■ THE TASK: Please return every line of the material verbatim and skip any images.

■ RECORDS SUPPLIED:
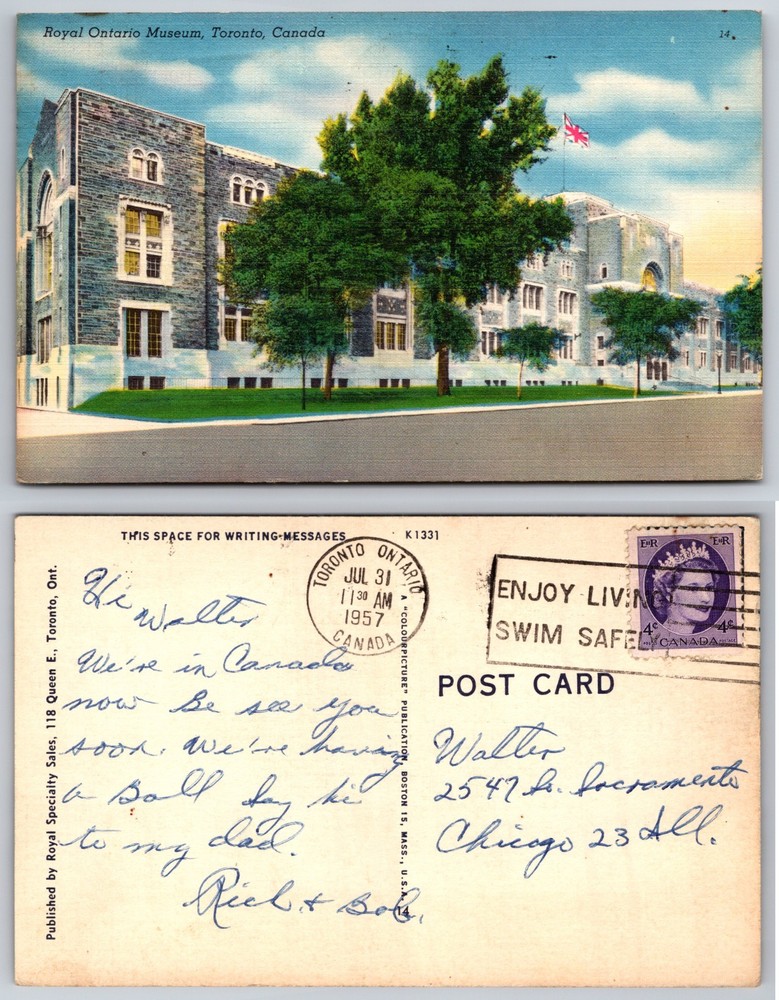 Royal Ontario Museum Toronto Canada Postcard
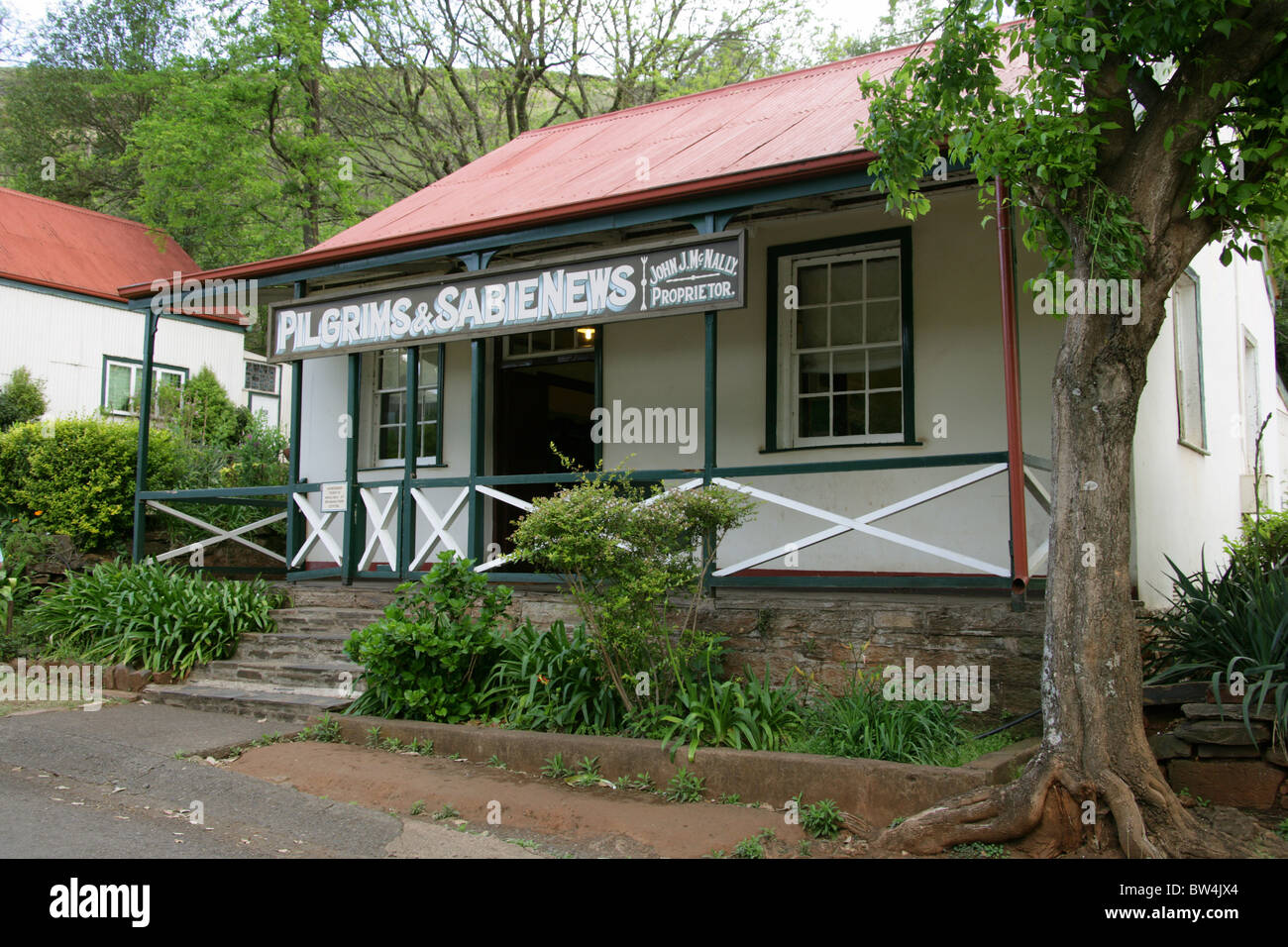 Pilger und Sabie Nachrichten, Pilgrim es Rest, Mpumalanga, Südafrika Stockfoto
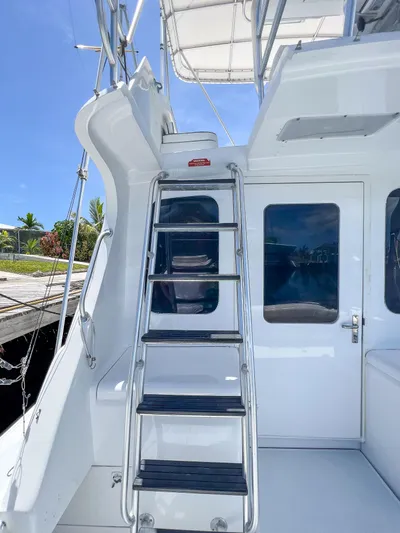 Goggle Eye Yacht Photos Pics Stainless steel ladder on a 2000 Luhrs 400 Convertible yacht, leading to the flybridge.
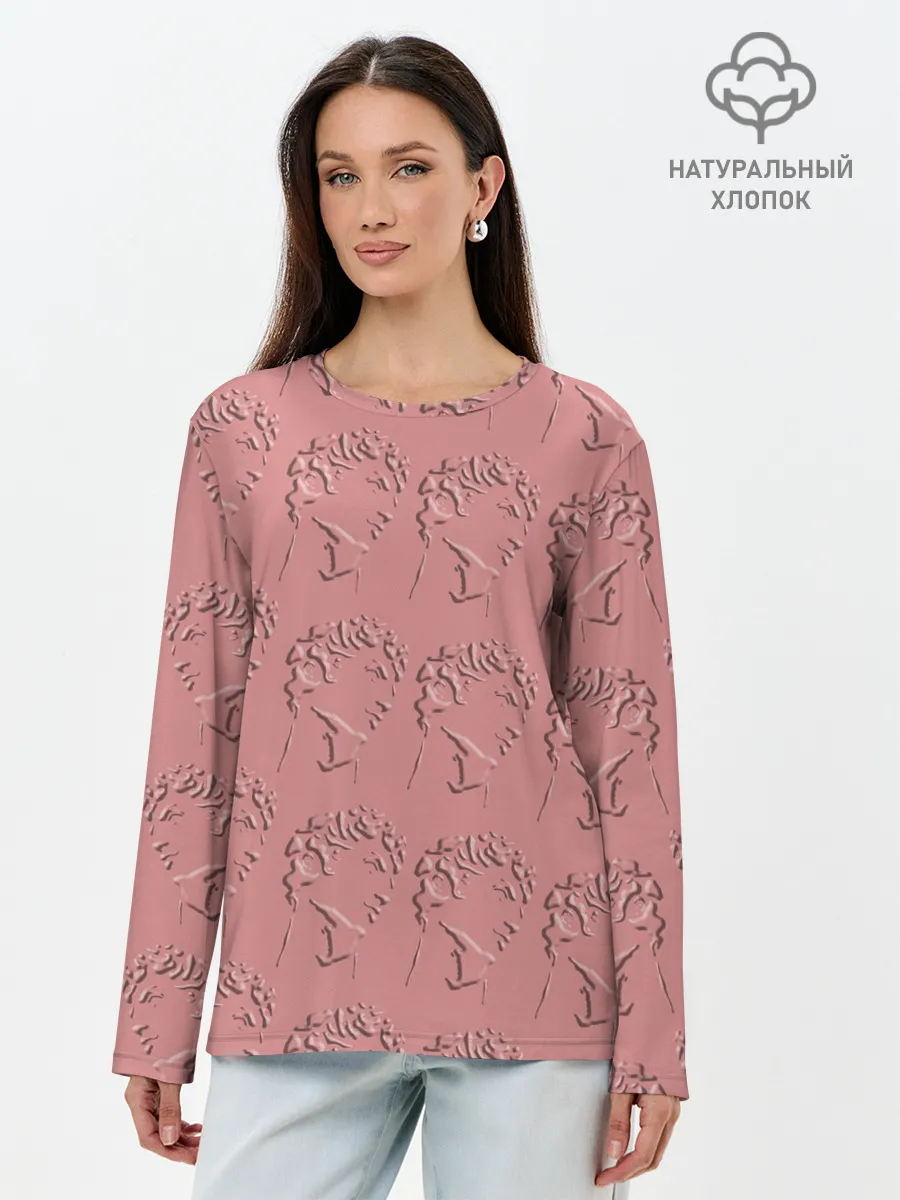 Лонгслив женский. Хлопок / Скульп монограмма полностью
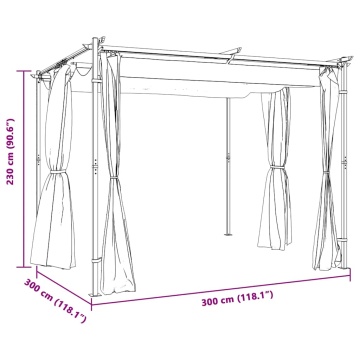 Pavilion cu draperii, gri taupe, 3 x 3 m, oțel - Img 7
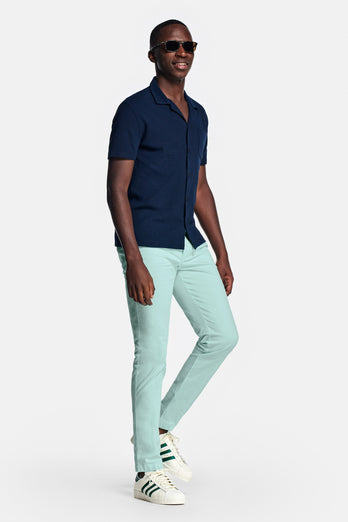 Mints * Chinos mint green stretch cotton men's trousers | MR MARVIS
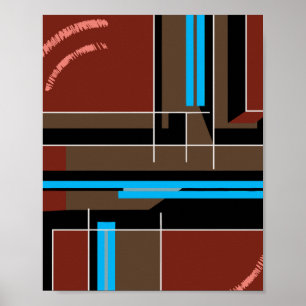 Affiche Conception géométrique brun rougeâtre avec des lig
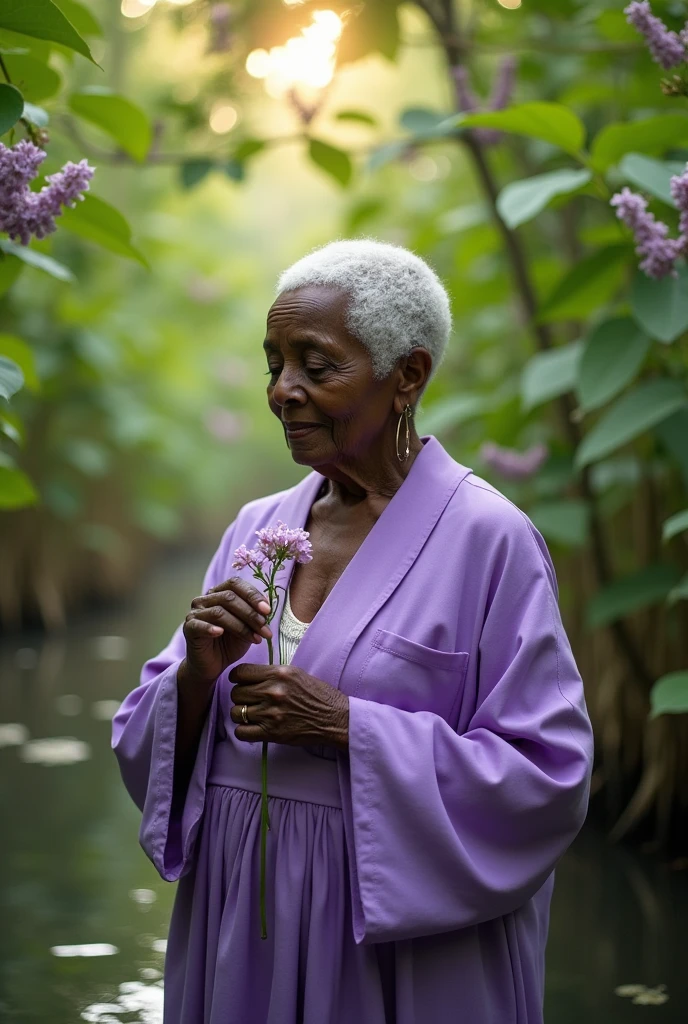 Elderly black woman orisha with short white hair wearing lilac holding a lilac flower in her hand in a swamp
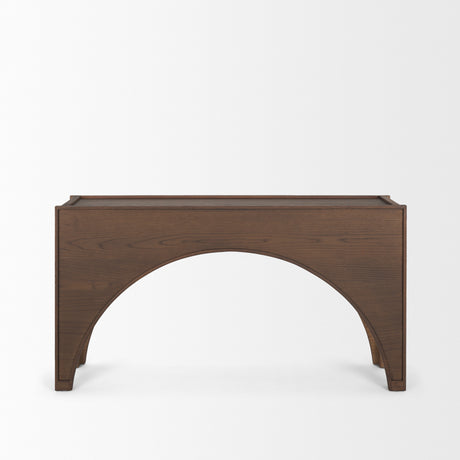 Laraya Dark Brown Wood Arched Console Table from Mercana - Luna Furniture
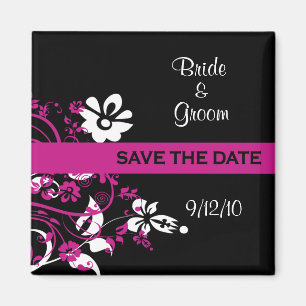 Imán Black and Fuschia Save the Date Magnets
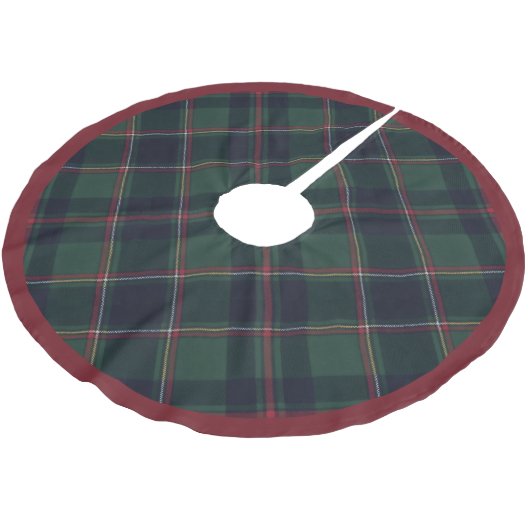 Classic Dark Blue Red Green Plaid Pattern Polyester Weihnachtsbaumdecke (Schrägansicht)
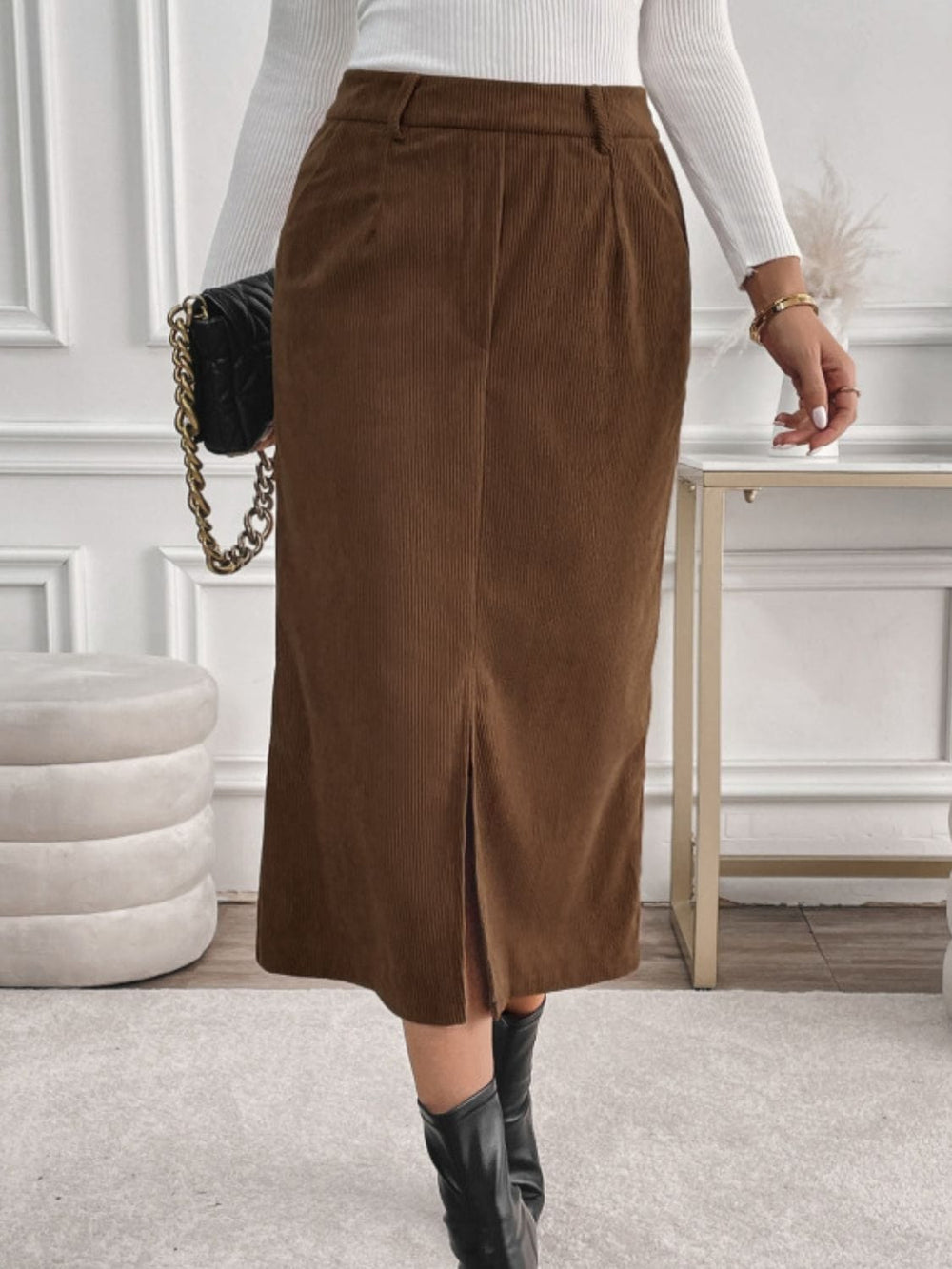 Perfee Slit Midi Skirt with Pockets - Trendsi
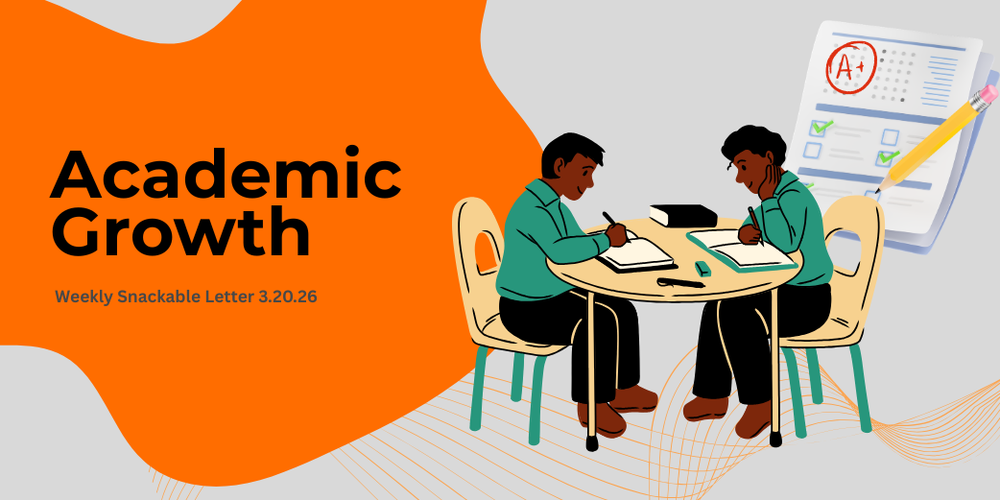 Academic Growth newsletter header with two students writing at a table and a graded A+ paper.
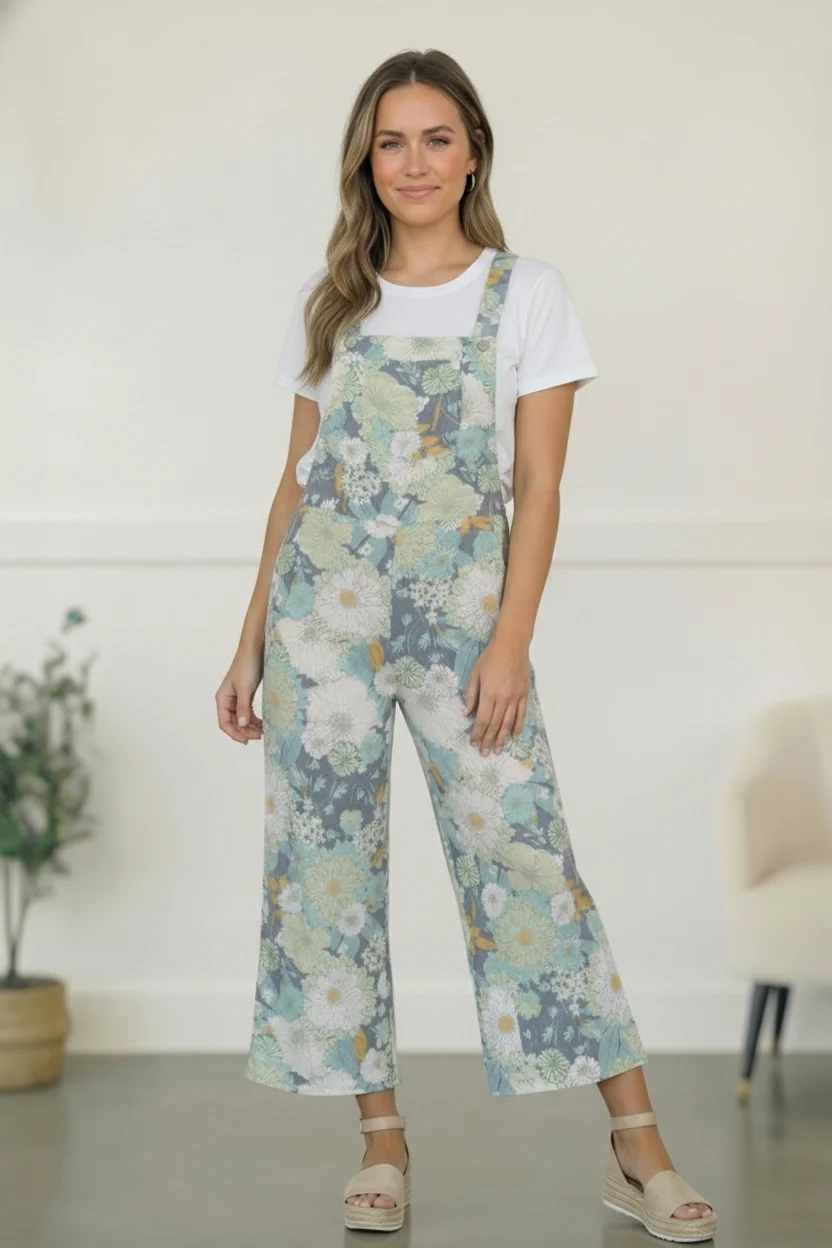 Groovy Garden Sage Floral Overalls - Image 3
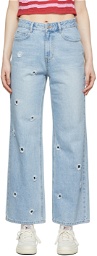 SJYP Blue Cut-Out Jeans
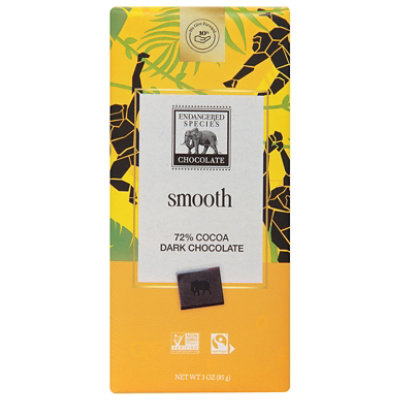 Endangered Species Chocolate Bar Dark Chocolate Chimpanze 72% Cocoa - 3 Oz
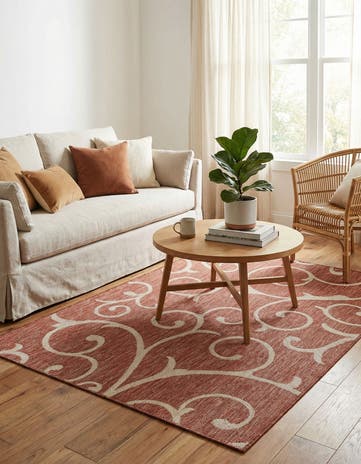 Rust Red Easy-Clean Botanical Indoor / Outdoor Rug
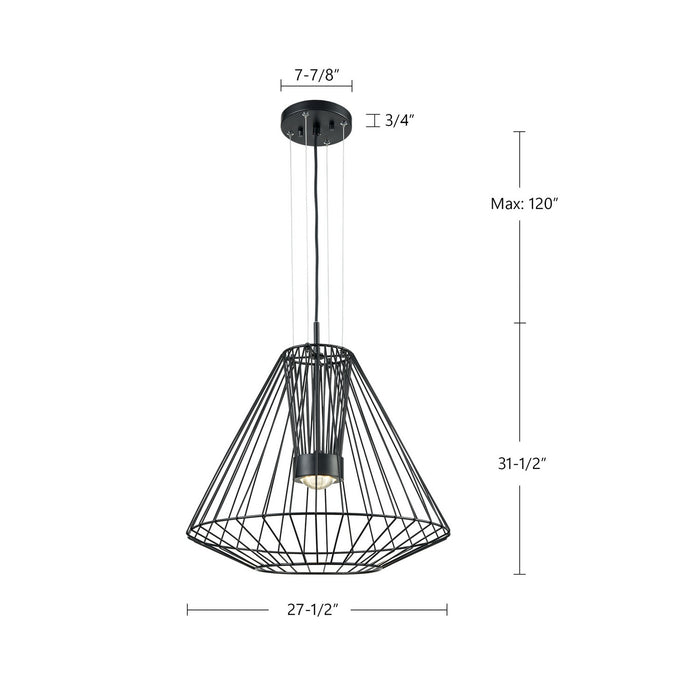 Kuzco Lighting - EP68428-BK - LED Outdoor Pendant - Arctic - Black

■ EXERCISE OUTPUT:
 Royal Ontario Museum Toronto Canada Postcard
 Pilger und Sabie Nachrichten, Pilgrim es Rest, Mpumalanga, Südafrika Stockfoto
 Goggle Eye Yacht Photos Pics Stainless steel ladder on a 2000 Luhrs 400 Convertible yacht, leading to the flybridge.
 Лонгслив женский. Хлопок / Скульп монограмма полностью
 Pavilion cu draperii, gri taupe, 3 x 3 m, oțel - Img 7
 Mints * Chinos mint green stretch cotton men's trousers | MR MARVIS
 Affiche Conception géométrique brun rougeâtre avec des lig
 Elderly black woman orisha with short white hair wearing lilac holding a lilac flower in her hand in a swamp
 Laraya Dark Brown Wood Arched Console Table from Mercana - Luna Furniture
 Imán Black and Fuschia Save the Date Magnets
 Classic Dark Blue Red Green Plaid Pattern Polyester Weihnachtsbaumdecke (Schrägansicht)
 Perfee Slit Midi Skirt with Pockets - Trendsi
 Academic Growth newsletter header with two students writing at a table and a graded A+ paper.
 Groovy Garden Sage Floral Overalls - Image 3
 SJYP Blue Cut-Out Jeans
 Endangered Species Chocolate Bar Dark Chocolate Chimpanze 72% Cocoa - 3 Oz
 Rust Red Easy-Clean Botanical Indoor / Outdoor Rug
 Kuzco Lighting - EP68428-BK - LED Outdoor Pendant - Arctic - Black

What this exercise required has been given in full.